Quote, paraphrase, and summarize appropriately - Drafting your report - Part I. Research and writing: from planning to production

A manual for writers of research papers, theses, and dissertations, 7th edition - Kate L. Turabian 2007

Quote, paraphrase, and summarize appropriately
Drafting your report
Part I. Research and writing: from planning to production

We covered this issue when we discussed note-taking (4.2.2). You should build most of your report out of your own words that reflect your own thinking. Much of the support for that thinking will be in quotations, paraphrases, and summaries. Different fields, however, use them in different proportions. In general, researchers in the humanities quote most often; social and natural scientists typically paraphrase and summarize. But you must decide each case for itself, depending on how you use the information in your argument. Here are some principles:

Summarize when details are irrelevant or a source isn't important enough to warrant more space.

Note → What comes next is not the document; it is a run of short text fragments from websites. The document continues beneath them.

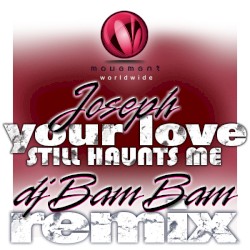 Your Love Still Haunts Me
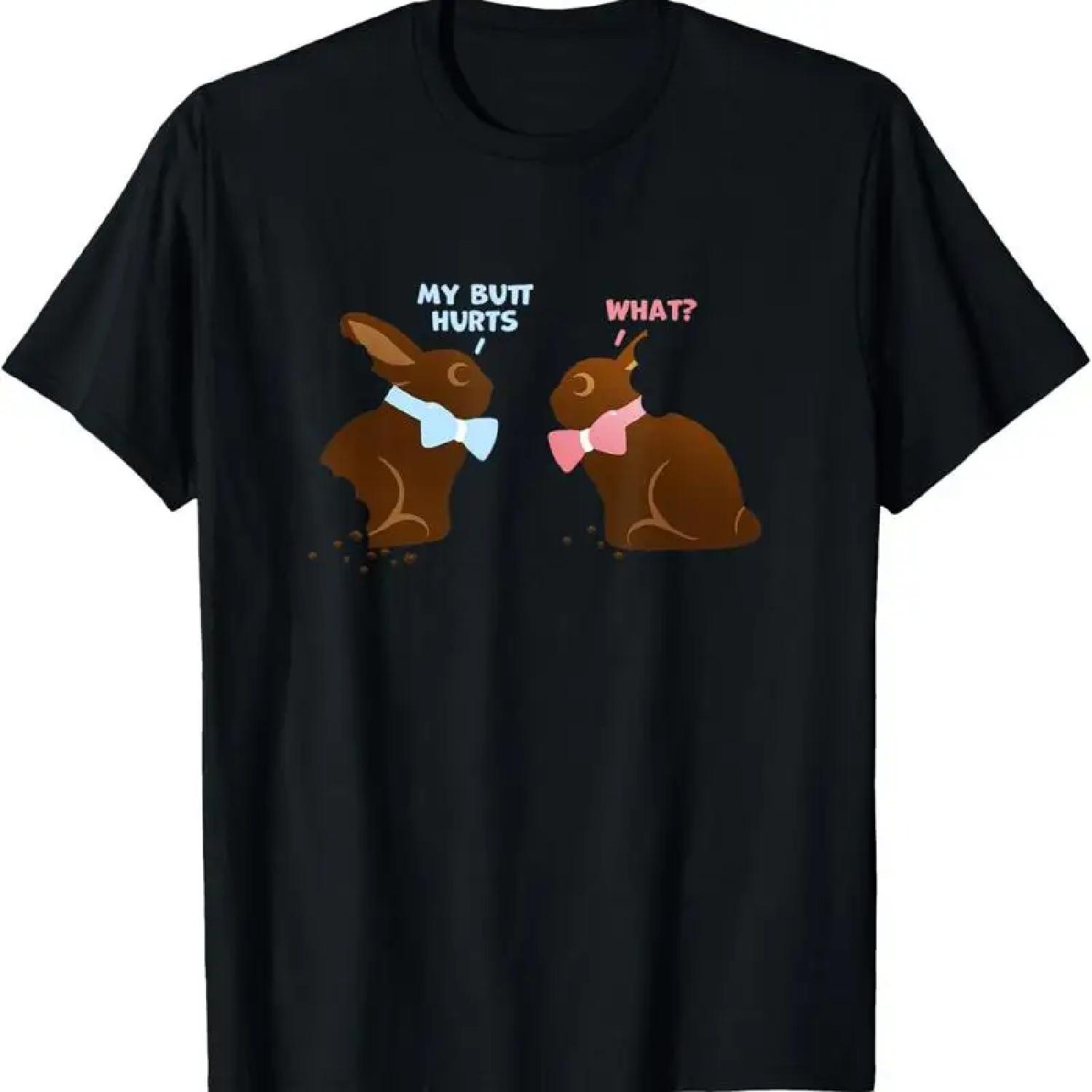 Chocolate Bunny Easter Basket Funny T Shirtns My Butt Hurts Shirt S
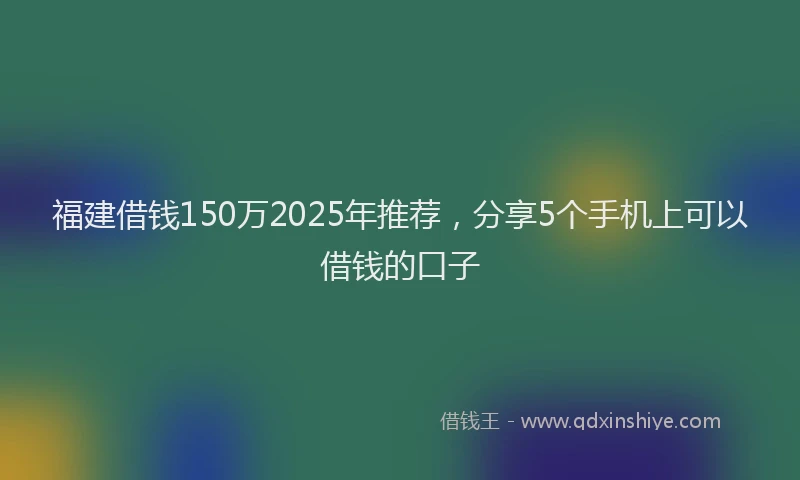 福建借钱150万2025年推荐，分享5个手机上可以借钱的口子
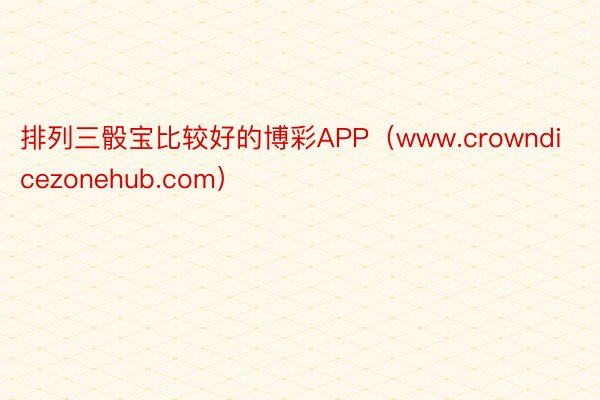 排列三骰宝比较好的博彩APP（www.crowndicezonehub.com）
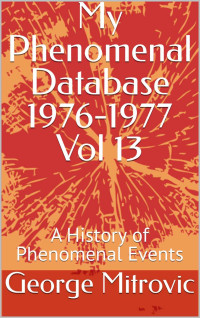 George Mitrovic — My Phenomenal Database 1976-1977 Vol 13: A History of Phenomenal Events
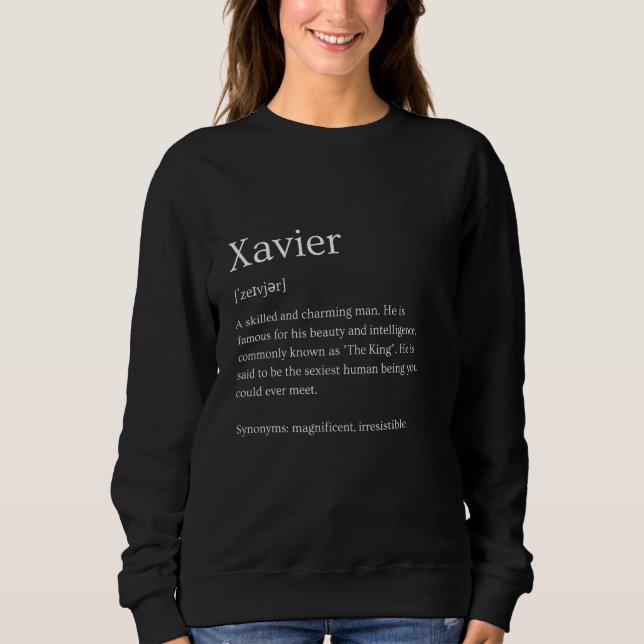 Funny Xavier Name Meaning - Xavier Personalized Na Sweatshirt (Front)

Paraphrase when you can state what a source says more clearly or concisely than the source, or when your argument depends on the details of a source but not on its specific words. (Before you paraphrase, however, read 7.9.)

Quote for these purposes:

The words constitute evidence that backs up your reasons.

A passage states a view that you disagree with, and to be fair you want to state it exactly.

The quoted words are from an authority who backs up your view.

They are strikingly original.

They express your key concepts so compellingly that the quotation can frame the rest of your discussion.

You must balance quotations, paraphrases, and summaries with your own fresh ideas. Do not merely repeat, or worse, download, words and ideas of others that you stitch together with a few sentences of your own. All teachers have ground their teeth over such reports, dismayed by their lack of original thinking. In an advanced project such as a thesis or dissertation, readers reject a patchwork of borrowings out of hand.

Readers value research only to the degree that they trust its sources. So for every summary, paraphrase, or quotation you use, cite its bibliographic data in the appropriate citation style (see part 2).